Bir endüstri mirasının dönüşüm hikayesi Samsun Üniversitesi örneği

04:0025/11/2025, Salı
G: 25/11/2025, Salı
Yeni Şafak
Samsun Üniversitesi.
Samsun Üniversitesi.

Prof. Dr. Mahmut Aydın / Samsun Üniversitesi Rektörü

“Tamir” ediyoruz, çünkü biliyoruz ki, kelimenin kökeni “ömür” ile bağlantılıdır. Ömrü dolmamış her yapı malzemesini yeniden kullanıyor, ona ömür katıyoruz. “Tadil” ediyoruz, çünkü biliyoruz ki bu kelimenin kökeni de “adalet” ile ilişkili. Adalet sadece insanlar arasında tesis edilmez; mekânlar ve maddi unsurlar arasında da bir ölçü ve denge kurma uğraşısıdır. Amacımız budur: Her şeyi yerli yerine koymak…
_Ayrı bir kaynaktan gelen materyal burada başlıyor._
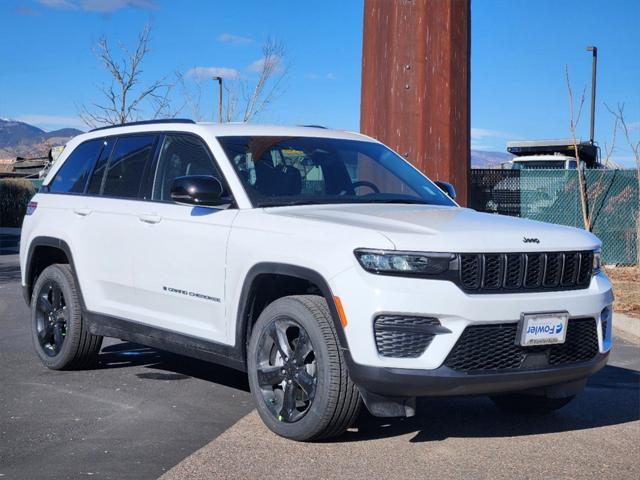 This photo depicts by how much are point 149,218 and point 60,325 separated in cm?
164

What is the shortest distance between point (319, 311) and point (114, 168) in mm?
2733

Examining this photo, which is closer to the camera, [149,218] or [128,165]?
[149,218]

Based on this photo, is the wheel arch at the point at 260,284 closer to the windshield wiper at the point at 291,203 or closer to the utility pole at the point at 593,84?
the windshield wiper at the point at 291,203

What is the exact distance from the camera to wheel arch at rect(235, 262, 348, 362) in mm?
5324

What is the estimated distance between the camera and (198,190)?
5.90 metres

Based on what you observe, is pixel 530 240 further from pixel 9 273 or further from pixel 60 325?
pixel 9 273

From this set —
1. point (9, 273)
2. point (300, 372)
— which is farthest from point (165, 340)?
point (9, 273)

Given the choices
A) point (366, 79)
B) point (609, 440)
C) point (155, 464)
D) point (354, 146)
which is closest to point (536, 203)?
point (366, 79)

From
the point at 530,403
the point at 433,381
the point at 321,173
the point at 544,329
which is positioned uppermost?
the point at 321,173

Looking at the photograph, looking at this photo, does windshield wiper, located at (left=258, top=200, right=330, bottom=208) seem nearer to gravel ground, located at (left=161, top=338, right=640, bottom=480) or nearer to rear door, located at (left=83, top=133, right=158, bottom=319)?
rear door, located at (left=83, top=133, right=158, bottom=319)

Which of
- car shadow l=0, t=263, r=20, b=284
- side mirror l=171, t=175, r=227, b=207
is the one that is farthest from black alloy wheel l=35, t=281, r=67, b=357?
car shadow l=0, t=263, r=20, b=284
Tamir etmek, tadil etmek, onarmak, ihya etmek bizim için bir inşa faaliyetinin ötesinde, bir vicdan eylemidir. Her bina, her duvar, her malzeme, içinde bir hatırayı taşır; biz o hatırayı yaşatma niyetindeyiz. Mekânı tadil ederken, binayı tamir ederken aslında anlamı yeniden kuruyoruz. Çünkü mekân, geçmişten gelen, bugün yeni içerikler kazanan ve geleceğe miras kalacak bir oluş halidir. Bu yaklaşım, Samsun Üniversitesi’nin kuruluşundan itibaren benimsediği “mekânı dönüştürürken anlamı koruma ve zenginleştirme” ilkesinin bir yansımasıdır.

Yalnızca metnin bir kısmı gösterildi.